# [Exercise prompt]
Nothing but the lines from the one containing "Load image into Gallery viewer, MILLIE" to the end of the data should be copied, exactly, and the pictures stay out.

# [Image-text web data]
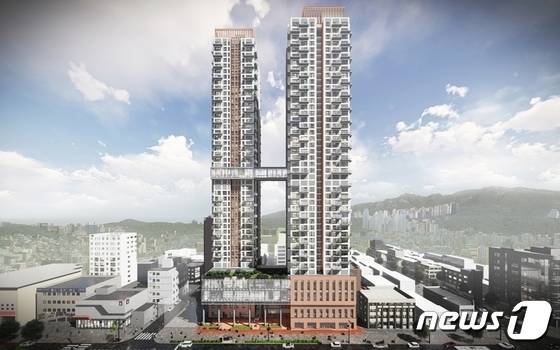 노보텔호텔 부지 개발 조감도(서울시 제공). ⓒ News1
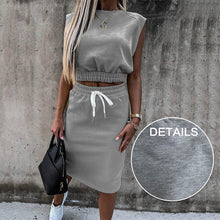 Load image into Gallery viewer, GT Solid Slim Skirts Set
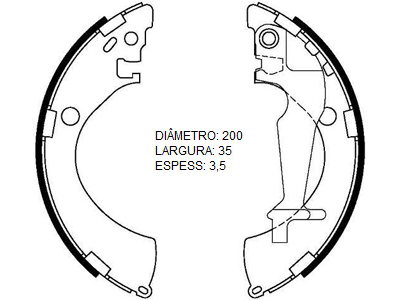 Lona freio civic 01 06 patim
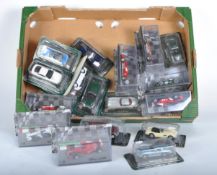 COLLECTION OF ASSORTED 1/43 SCALE DIECAST MODEL CARS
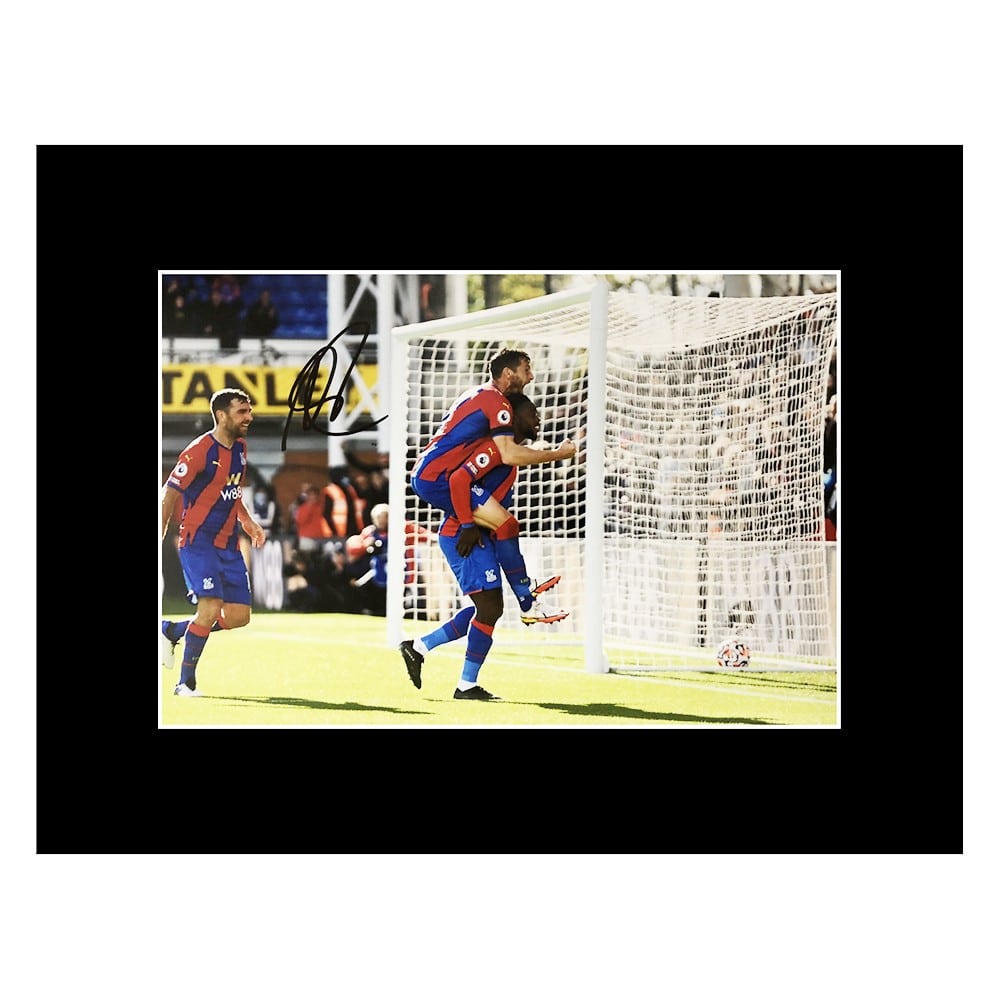 Signed Jeffrey Schlupp Photo Display - 16x12 Crystal Palace Icon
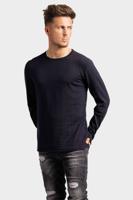 Purewhite Essentials Garment Dye Knit Sweater Heren Antra - Maat S - Kleur: Grijs | Soccerfanshop - thumbnail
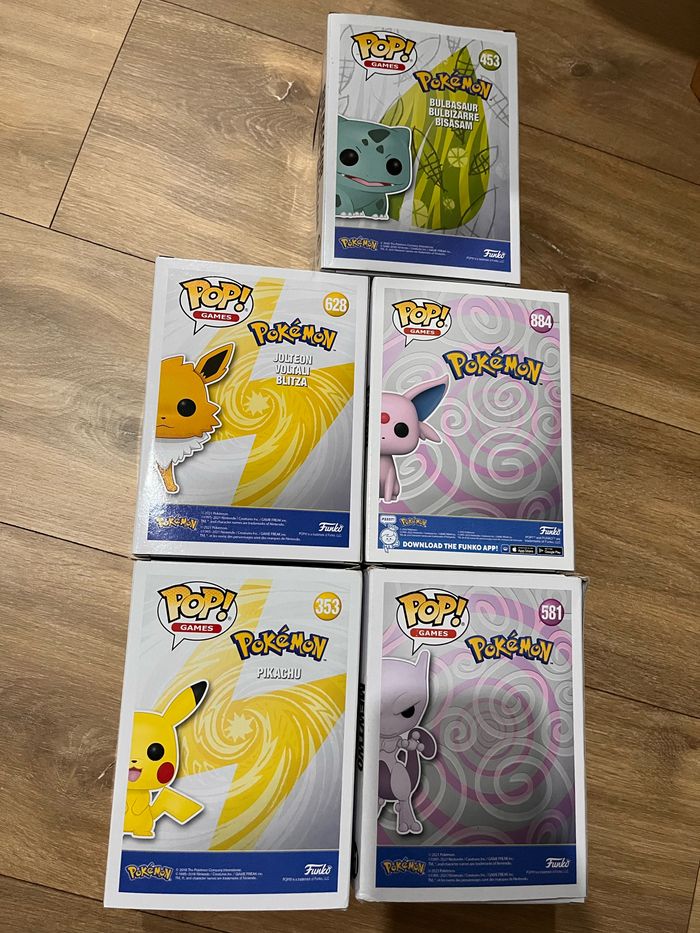 Funko pop Pokémon lot - photo numéro 2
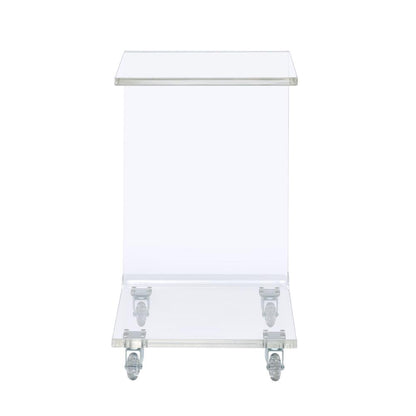 Peek Acrylic Snack Table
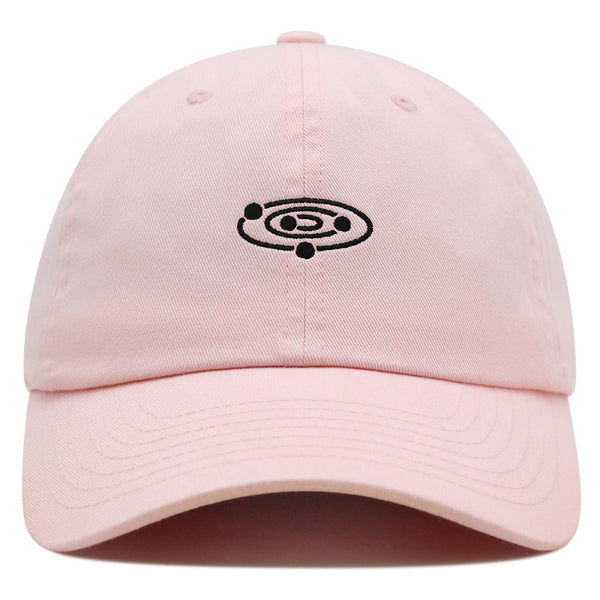 Planets Orbit Premium Dad Hat Embroidered Baseball Cap Space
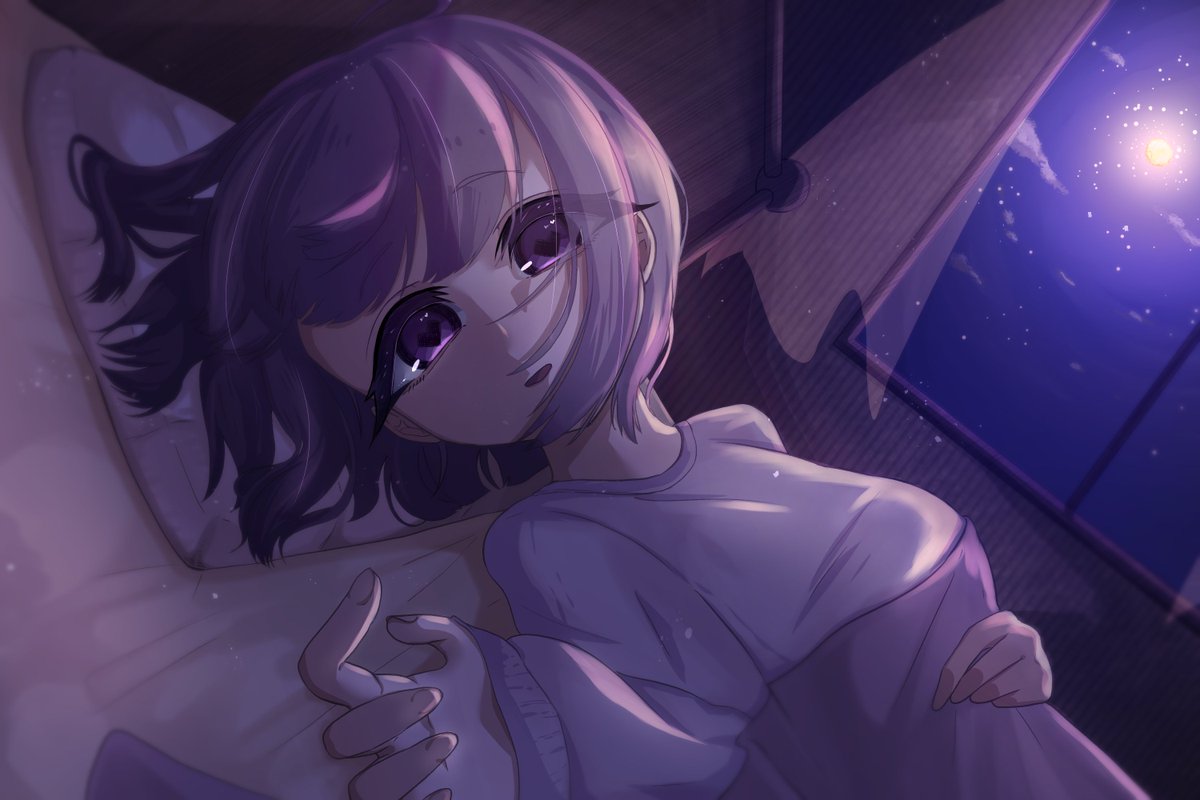 Sokaillust's tweet photo. 一緒に寝ようね

#創作 #イラスト https://t.co/a9qPXpXVM2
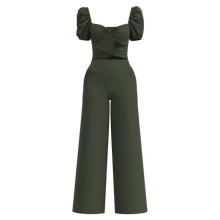 Load image into Gallery viewer, MILLIE PUFF SLEEVE CUTOUT JUMPSUIT
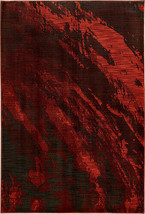 Oriental Weavers Sedona 6367B 6x9  Rectangle - Red/ Charcoal-Nylon/PolyP - £505.01 GBP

# [Reply]
 Load image into Gallery viewer, MILLIE PUFF SLEEVE CUTOUT JUMPSUIT
 Oriental Weavers Sedona 6367B 6x9  Rectangle - Red/ Charcoal-Nylon/PolyP - £505.01 GBP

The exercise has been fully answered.